Thanks to Lionel Kelleway and all the team at the BBC’s now discontinued Natural History Radio program, I have developed a pronounced recent increase in awareness of and fascination with Bryophytes – mosses, liverworts, and hornworts. Living in Oregon as I do, the development of such an interest is, despite what sociologists or my beloved wife might say, quite normal. Given the abundance of moisture and cool temperatures here at the edge of the Pacific Coast Rainforest, the forests floors, trees, walls, and just about all other surfaces quickly turn into a Bryophyte wonderland if not cleared and maintained. Thus one could imagine my delight upon seeing in the dawn’s early light of my first full day on Jekyll Island, Georgia that the Live Oaks surrounding the Jekyll Island Club Hotel were absolutely strewn with long strands of some of the most profound-looking moss I had ever to that point seen – the famous Spanish-moss of literary and poetic fame.

However I was soon to discover that what I was seeing and standing agape in awe of, much to the curiosity and amusement of passers-by, is not a moss or even any type of Bryophyte at all. Spanish-moss, Tillandsia usneoides, despite its name, is actually in the family Bromeliaceae, the bromeliads. An epiphyte (a plant that lives harmlessly on other plants), Spanish-moss absorbs all the nutrients it needs directly from the air and from rainfall.

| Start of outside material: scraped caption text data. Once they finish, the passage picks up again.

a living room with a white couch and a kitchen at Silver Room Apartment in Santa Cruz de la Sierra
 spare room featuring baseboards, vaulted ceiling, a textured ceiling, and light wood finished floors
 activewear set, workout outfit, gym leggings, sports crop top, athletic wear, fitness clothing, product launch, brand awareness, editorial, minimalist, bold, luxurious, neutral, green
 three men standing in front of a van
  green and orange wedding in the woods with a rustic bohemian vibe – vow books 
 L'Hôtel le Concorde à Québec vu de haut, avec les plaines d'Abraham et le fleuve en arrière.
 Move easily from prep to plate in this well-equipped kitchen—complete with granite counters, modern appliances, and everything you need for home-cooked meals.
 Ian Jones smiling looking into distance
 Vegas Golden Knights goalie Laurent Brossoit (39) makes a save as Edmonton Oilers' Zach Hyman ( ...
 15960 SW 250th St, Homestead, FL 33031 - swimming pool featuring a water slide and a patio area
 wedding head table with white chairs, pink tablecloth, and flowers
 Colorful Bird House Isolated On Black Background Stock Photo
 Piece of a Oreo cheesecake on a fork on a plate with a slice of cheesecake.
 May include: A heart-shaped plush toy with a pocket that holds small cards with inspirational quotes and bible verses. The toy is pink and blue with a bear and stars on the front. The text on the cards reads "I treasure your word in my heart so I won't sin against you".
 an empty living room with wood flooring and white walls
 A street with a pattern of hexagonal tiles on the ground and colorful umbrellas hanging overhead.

Despite it not being a moss, Spanish-moss draping the trees in profusion, as it was on Jekyll Island, is indeed a sight to see. Evocative of the great American literature depicting the southeastern United States, the cascades of grey-green bedecking the widely spreading branches of the Live Oaks lend a softness to the landscape as they sway gently in the afternoon breeze. They also cast eerie, neo-Gothic shadows in the night, especially under the light of a strong full moon. Though I have travelled in the American south many times over during the past decade, this is the first time I have received the visual experience I had every time expected during each previous visit. Truly it is a sight I shall long remember.